1. Should we move our furniture(3 Bed, mattresses, Fridge, TV, Washing machine) OR should we sell it and purchase new there? I am confused because I tried searching for rental properties and it shows up all fully furnished apartments / houses!

2. Which is the good neighborhood to live in. I will be working in Amazon. As my little on is 3 years old, I am planning to start him in preschool. So I would look for house / apartment with
- good preschool available at 5-10 mins walk
- public transport available at 5-10 mins walk and ride(bus/train/etc) takes at max 30 mins to reach to office. 

3. We will be looking for 3 bed + 2 bath house/townhouse/apartment.

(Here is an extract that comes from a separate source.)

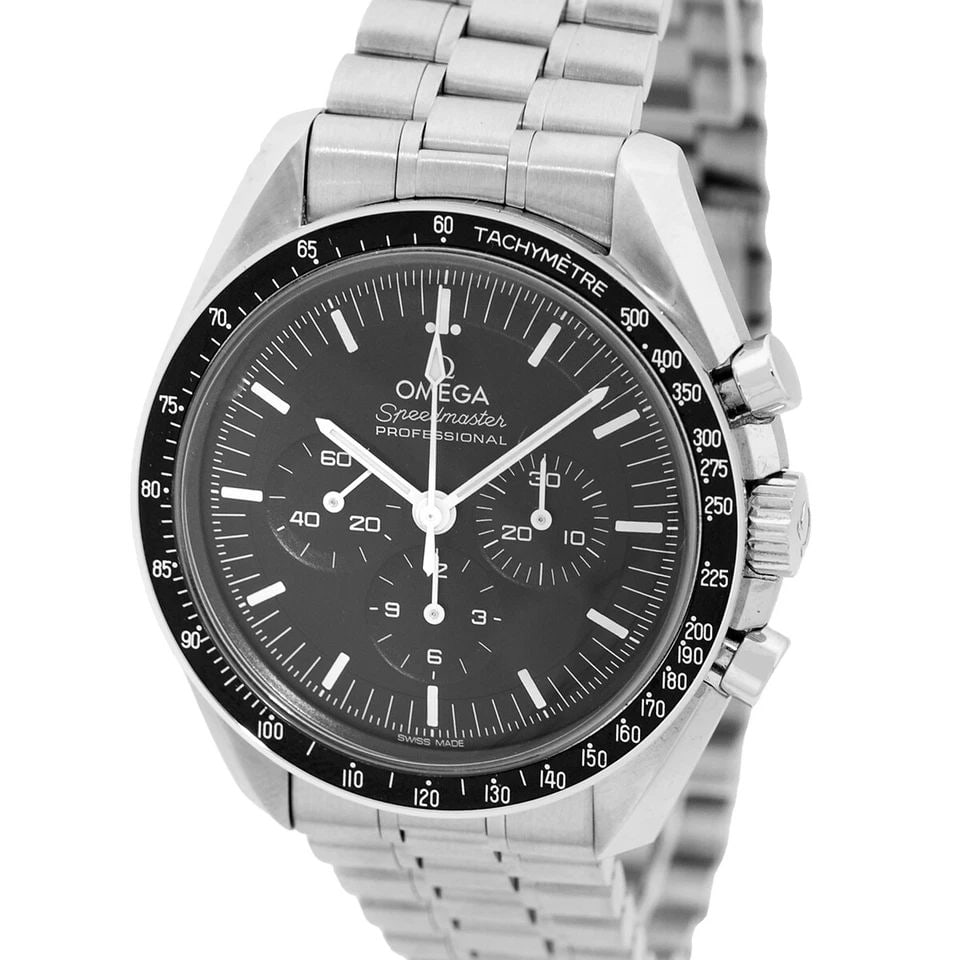 OMEGA STAINLESS STEEL 42MM SPEEDMASTER MOONWATCH 310.30.42.50.01.001 CARD 2024: OMEGA STAINLESS STEEL 42MM SPEEDMASTER MOONWATCH 310.30.42.50.01.001 CARD 2024 OMEGA Stainless Steel 42mm Speedmaster "Moonwatch Professional" 310.30.42.50.01.001 Box Warranty 2024 Gent's Stainless St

Not sure about the rental there but I guess our budget would be around $2500.

4. Some kids activities or parks nearby would be helpful

5. As we are Indian and will have parents vising us, would be good to be surrounded by few Indians, but this is not 'Must to have'

It would be really helpful if you can suggest few property websites and neighborhoods as per our requirements.

Thanks,
Chahat


----------



## twostep (Apr 3, 2008)

My first question - what visa will your MIL be using?

Your budget is not likely to get you a 3/2 in walking distance of Amazon.

Rental listings hardly ever show empty rooms; especially those of apartment complexes use furnished models. Generally the write up gives furnished, washer/dryer, .... Whenever in doubt contact the leasing office.

Your budget and/or relo package may drive what you ship. I am not familiar with AUS appliances. Google washer/dryer and check the spec sheet versus your appliance.


----------



## Bevdeforges (Nov 16, 2007)

You may want to ask your employer for some help in making the move. Depending on your level and all, they may be able to provide help in finding a place to live (whether a paid relocation company or just a colleague to go house hunting with you).

Think long and hard about moving electrical appliances, particularly large ones. I think Australia has different voltages and relying on stepdown transformers is a major hassle. Small electronics (like computers, and such) usually only require a change of cord, so no problem there. But household appliances are probably better bought new on arrival.


----------



## 206inUK (Mar 3, 2012)

Hi, rents in Seattle have been softening lately, but your budget will still likely put you in the suburbs. There are trains from the south end, but Seattle is pretty far behind on public transport.

For moving goods, if you are bringing electrics, make sure they will work on the lower US voltage, or leave them behind. Seattle has a high sales tax on goods (10%), that is not listed in store prices, so take that into account when comparing buying vs shipping. Does Amazon ship household goods for you?

You might see if there are Amazon employee forums on where they like to live and send kids to school. A 30 minute commute to South Lake Union would mean living in Queen Anne, Fremont, Capitol Hill, Beacon Hill or Ravenna/U District. 

Good Luck!


----------



## exclamation (Mar 9, 2019)

A friend of mine started renting a 1/1 for $2500 this week, close to center. That might give you idea that 3/2 with good location at that price will be hard to find.
90% of apartments I have been in had kitchen appliances preinstalled.


----------



## xXEsPaNyoLAkoXx (Jan 24, 2019)

exclamation said:


> A friend of mine started renting a 1/1 for $2500 this week, close to center. That might give you an idea that 3/2 with good location at that price will be hard to find.
> 90% of apartments I have been in had kitchen appliances preinstalled.


This is a great idea. Renting a hotel was luxurious but still look for cheapest rent, it differ s from time to time.


----------